Industry News

November 2016 >>  Artisan Farms sponsors and supports the Queens Guineas Sale with the purchase of SIX (6) steers. 

Highland Country Market of Stoney Creek, Ontario buys the Grand Champion again this Year !!!!!!  Many thanks to the De Jonge family again this year ....  

Cargill Beef Ltd of Guelph, Ontario buys the Reserve Grand Champion steer and carries bids for Cargill Melboune and Cargill Animal Nutrition ( Purina) ...... so many thanks to Cargill for their unwavering support of the Ontario Beef and Ag industry ...  

Thank you to all the kids for participating and all the bidders and buyers this year !!!

Click here for the FB photos.

Canadian beef industry ‘Puts It Together…’ with strong national conference
August 12, 2016

CALGARY, AB — The rising momentum toward a fresh era of national connectivity, teamwork and success for Canada’s beef industry took a major step forward with the successful delivery of a sold-out, progress packed inaugural Canadian Beef Industry Conference, August 9 – 11 in Calgary.

The event drew a diverse participation of over 650 producers, industry members and supporters from across the country and all beef producing provinces, including a strong representation of young participants representing the industry future. It featured a dynamic and broad-spanning agenda rich in ideas, knowledge, insights and inspiration for moving the industry forward, including many buzz-generating topics that propelled the conference’s “#CBIC2016” hashtag to become a top trending Twitter topic in Canada.

“We couldn’t have asked for a better first time experience delivering this new national conference for Canada’s beef and cattle industry,” says Rob Smith, Canadian Angus Association Chief Executive Officer and co-chair of the conference.  “The theme was ‘Putting It Together…’ and that’s exactly what happened. The response has been absolutely amazing. It bodes well for making this an annual event and that’s what we’re talking about now.”

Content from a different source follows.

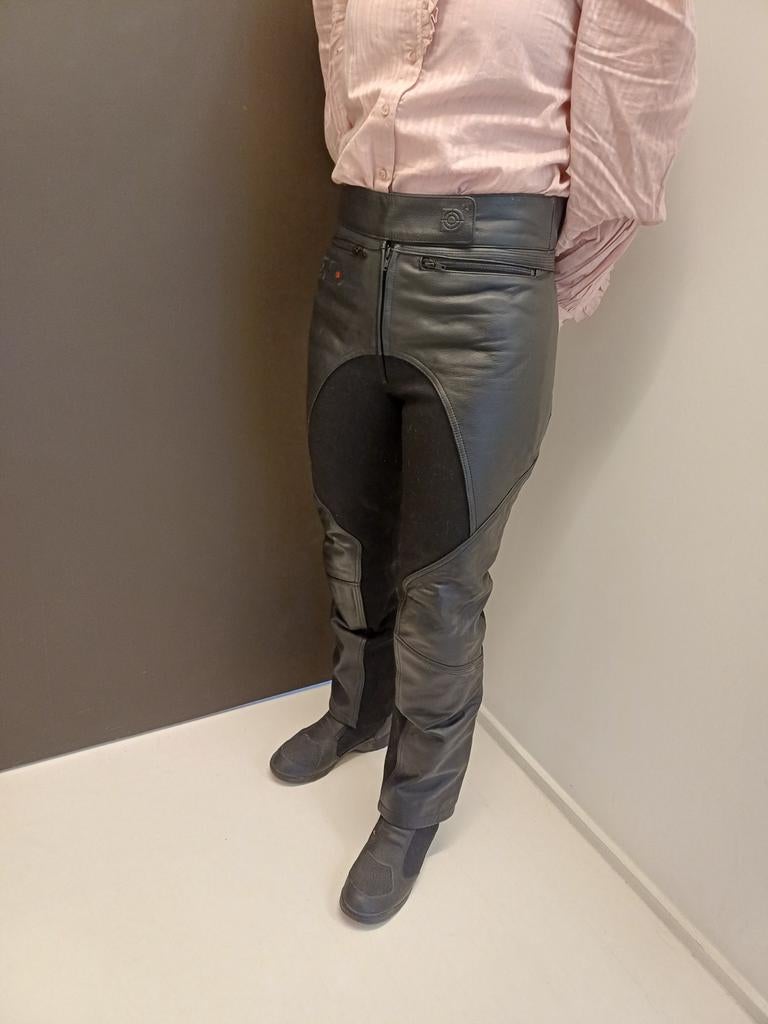 Grid leren motorbroek Dames maat 40, Motoren, Kleding | Motorkleding, Ophalen, Dames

The conference met its core objectives to create a truly national meeting place to bring together all facets of the industry involved in beef production, from the grass roots level through all parts of the supply chain – including everyone from the producer with 20 cows to the feeder with 20,000, head – and to help move forward the opportunity represented by the National Beef Strategy.

“We have a lot to celebrate,” says Virgil Lowe, conference co-chair and also an Associate with Dentons Canada LLP. “The momentum and strengthened connections established here will help drive ahead the National Beef Strategy and all of our interests for years to come. The event was also designed to be an enjoyable event with a strong social side that people could build in around their summer vacation plans, and that was achieved as well. There were a lot of great discussions and strengthening of relationships that took place informally. Already we have received a lot of feedback that this was a very positive event and step forward for our industry.”

The conference exceeded expectations in registrations and sponsorship support, with over 60 major sponsors contributing, as well as in proceeds raised through the Canadian Cattlemen’s Foundation Golf Classic. 

Among many highlights, the conference speaker agenda featured entrepreneur and former Dragon’s Den star Arlene Dickinson, along with keynote speakers on each of the National Beef Strategy’s four pillars: connectivity, productivity, beef demand and competitiveness. In addition to covering a wide range of important developments, issues and hot topics, the event also recognized several outstanding contributors to the industry.

The Environmental Stewardship Award (TESA) was presented to Anderson Ranch Inc. of Fir Mountain, operated by Miles and Sheri Anderson. Since 1996, TESA has recognized producers who go above and beyond in exemplifying significant innovation and attention to a wide range of environmental stewardship aspects in their farm operations. These innovations extend beneficially to areas far beyond their land, including water, wildlife and air.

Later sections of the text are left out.